The multiscreen exhibit has been a huge hit. Though Atlantic has been known for its VR and immersive natural history content, in this case, 2D screens in the proper setting have created a dynamic synthesis of CGI content and real-life experience.

“When Emily went to the Field Museum for the launch, it was phenomenal to see so much excitement in the kids and the other people as they were moving through these illuminated panels,” enthuses Geffen.“When you’ve got groups of people and the bones you can see right next to you, that’s a great way of doing it. Virtual reality is good, but that would be another experience of a different kind. I think the museum got it right by going with an experience, which allows you for about 18 minutes to explore it in this way. This narrative, with different screens telling the story, fascinated the youngest to the oldest. The latest technologies might not always be the right way to deliver an experience.”

Smith confirms the excitement that followed the launch: “I witnessed a five year old stay for three rotations of the stories, running backwards and forwards following the T. rex with their finger as it moved around the screens. Yeah, it was quite brilliant to see that audience reaction.” It really shouldn’t be much of a surprise to see children excited by dinosaurs, but it’s not often that documentary producers get to see their audiences physically interacting with the content they create. 

Expanding the depth and interactivity of its documentary content is a continuous goal for Atlantic. Part of this strategy is to combine video, data and interactivity in new combinations to engage and educate audiences and provoke wider discussion.

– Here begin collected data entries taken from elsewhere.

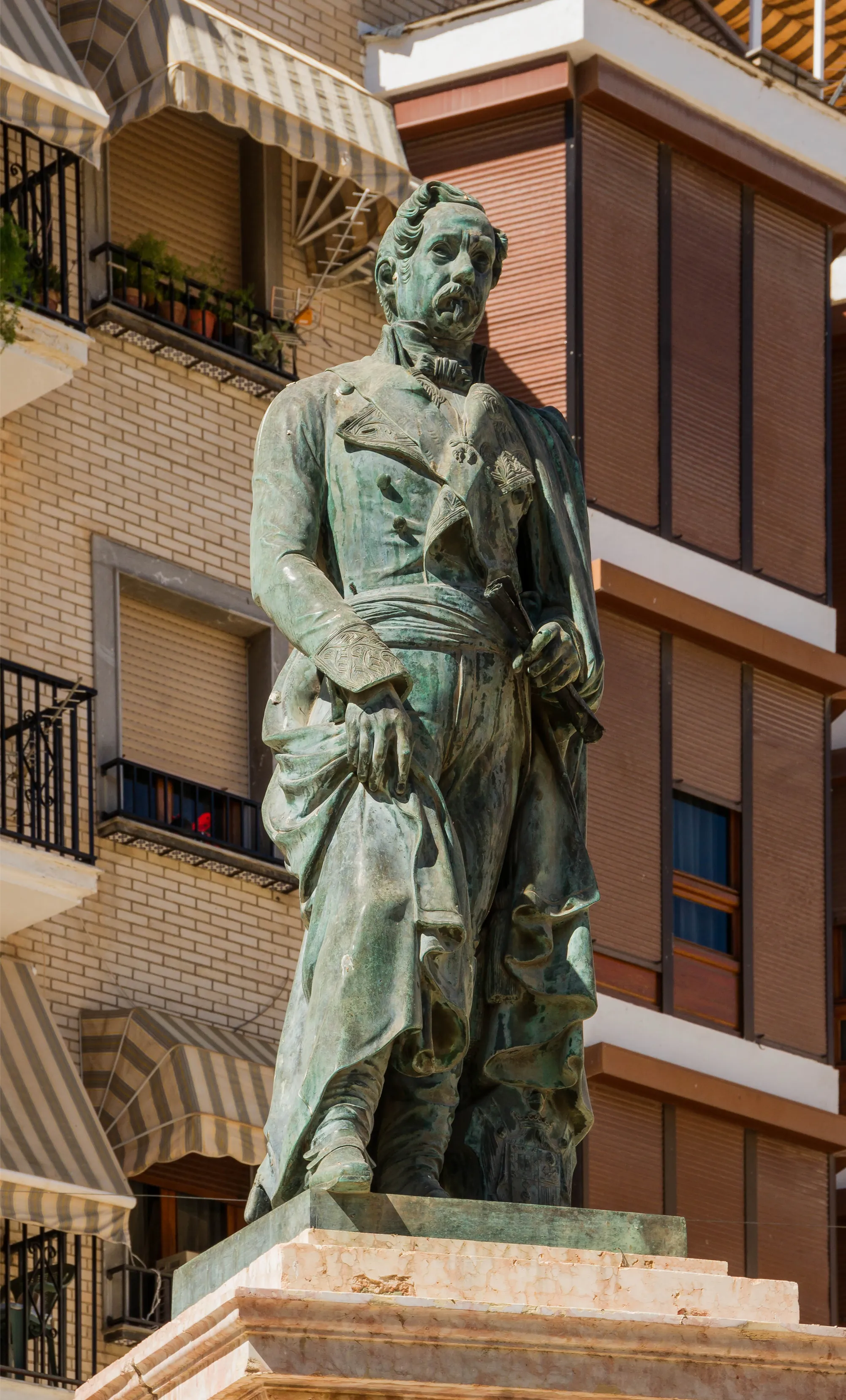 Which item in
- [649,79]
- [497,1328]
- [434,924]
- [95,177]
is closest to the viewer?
[497,1328]

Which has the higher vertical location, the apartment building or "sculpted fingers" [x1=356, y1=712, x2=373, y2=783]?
the apartment building

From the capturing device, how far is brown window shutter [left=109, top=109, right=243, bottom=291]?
26.2 m

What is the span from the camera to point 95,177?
25.9 meters

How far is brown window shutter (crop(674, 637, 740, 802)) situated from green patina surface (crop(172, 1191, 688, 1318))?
1806 centimetres

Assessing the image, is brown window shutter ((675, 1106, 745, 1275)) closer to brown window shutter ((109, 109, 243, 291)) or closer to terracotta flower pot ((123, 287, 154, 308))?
terracotta flower pot ((123, 287, 154, 308))

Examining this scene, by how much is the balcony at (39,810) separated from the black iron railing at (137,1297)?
7.19 ft

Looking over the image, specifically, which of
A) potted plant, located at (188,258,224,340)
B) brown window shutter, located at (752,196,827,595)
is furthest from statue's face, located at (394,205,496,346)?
brown window shutter, located at (752,196,827,595)

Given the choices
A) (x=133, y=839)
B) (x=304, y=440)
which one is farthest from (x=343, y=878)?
(x=133, y=839)

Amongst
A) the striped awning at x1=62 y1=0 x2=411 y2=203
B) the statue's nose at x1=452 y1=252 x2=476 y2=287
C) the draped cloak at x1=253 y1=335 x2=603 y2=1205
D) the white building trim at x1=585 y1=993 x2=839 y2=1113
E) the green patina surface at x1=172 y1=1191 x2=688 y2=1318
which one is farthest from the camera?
the white building trim at x1=585 y1=993 x2=839 y2=1113

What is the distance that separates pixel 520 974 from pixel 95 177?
17.0 metres

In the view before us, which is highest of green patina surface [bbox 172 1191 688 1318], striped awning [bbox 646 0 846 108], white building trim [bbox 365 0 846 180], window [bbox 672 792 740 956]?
striped awning [bbox 646 0 846 108]

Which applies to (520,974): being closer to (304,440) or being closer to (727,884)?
(304,440)

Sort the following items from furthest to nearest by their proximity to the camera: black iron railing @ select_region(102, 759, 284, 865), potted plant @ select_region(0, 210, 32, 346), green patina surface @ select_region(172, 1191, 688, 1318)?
black iron railing @ select_region(102, 759, 284, 865), potted plant @ select_region(0, 210, 32, 346), green patina surface @ select_region(172, 1191, 688, 1318)

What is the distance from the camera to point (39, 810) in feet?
76.3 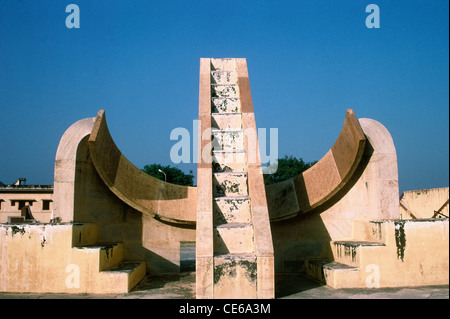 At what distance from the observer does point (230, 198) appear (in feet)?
17.8

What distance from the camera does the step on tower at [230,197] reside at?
4402mm

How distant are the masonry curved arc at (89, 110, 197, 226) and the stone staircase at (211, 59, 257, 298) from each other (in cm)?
112

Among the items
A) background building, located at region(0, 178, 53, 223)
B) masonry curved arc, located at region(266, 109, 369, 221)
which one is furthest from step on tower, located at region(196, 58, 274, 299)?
background building, located at region(0, 178, 53, 223)

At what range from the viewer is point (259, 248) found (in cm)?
448

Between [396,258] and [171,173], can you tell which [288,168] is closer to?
[171,173]

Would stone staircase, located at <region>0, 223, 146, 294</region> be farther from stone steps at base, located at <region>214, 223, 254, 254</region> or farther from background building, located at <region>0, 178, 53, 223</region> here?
background building, located at <region>0, 178, 53, 223</region>

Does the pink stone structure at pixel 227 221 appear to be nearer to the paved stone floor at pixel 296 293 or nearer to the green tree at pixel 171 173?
the paved stone floor at pixel 296 293

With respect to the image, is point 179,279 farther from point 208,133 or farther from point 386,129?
point 386,129

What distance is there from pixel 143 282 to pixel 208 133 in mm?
2477

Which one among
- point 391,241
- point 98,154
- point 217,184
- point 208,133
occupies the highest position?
point 208,133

“I think that’s where a whole lot of natural history and documentaries are going to move,” says Geffen. “We’re working on another project now where we’re using artificial intelligence to actually give us a view of how animals see the world. It’s taking on new perspectives. I think we have to go there, using new technologies coming in and since audiences love natural history, but show it in a different way.”

Finding the form

Documentary formats are undergoing changes, too. Geffen sees the possibilities for nature documentary streamed live or broken down into smaller, short-form pieces. Finding these new ways of engaging people becomes especially vital when the global climate is approaching so many cataclysmic environmental tipping points.

One of Atlantic’s recent landmark programmes was a simple face-to-face interview, which looked at the importance of natural history education and the environment. Nothing too groundbreaking about that – except that this was Barack Obama interviewing Sir David Attenborough. 

At the other end, during the VR experience Great Barrier Reef with David Attenborough, Atlantic put up an interactive website that allowed millions of people to engage live with the state of the reef. They could monitor the Great Barrier Reef’s health and the robustness of its animal population and the surrounding oceans.

“You could see, during this ocean warming event, a great influx of hot water that was going to hit the Great Barrier Reef,” recalls Geffen. “People said, ‘Well, that’s not really going to hit there. I mean, we can probably stop it.’ And we were sending feeds back saying, ‘No. In two months, it will hit.’ And it did. I think we have to be more clever about how we outreach. We can’t just say a television programme is going solve it.

“When I was working with David, he always had a very good rule, which is to tell the story of something so you fall in love with it. You’re interested by it and you’re curious and it’s only at the end that you start saying, ‘The whole colony of coral on the Great Barrier Reef could be wiped out and could create these problems’. I think, otherwise, people don’t engage.”

From a company that won the first Bafta for VR storytelling, we look forward to ever more engagement and continuing to fall in love with the natural world.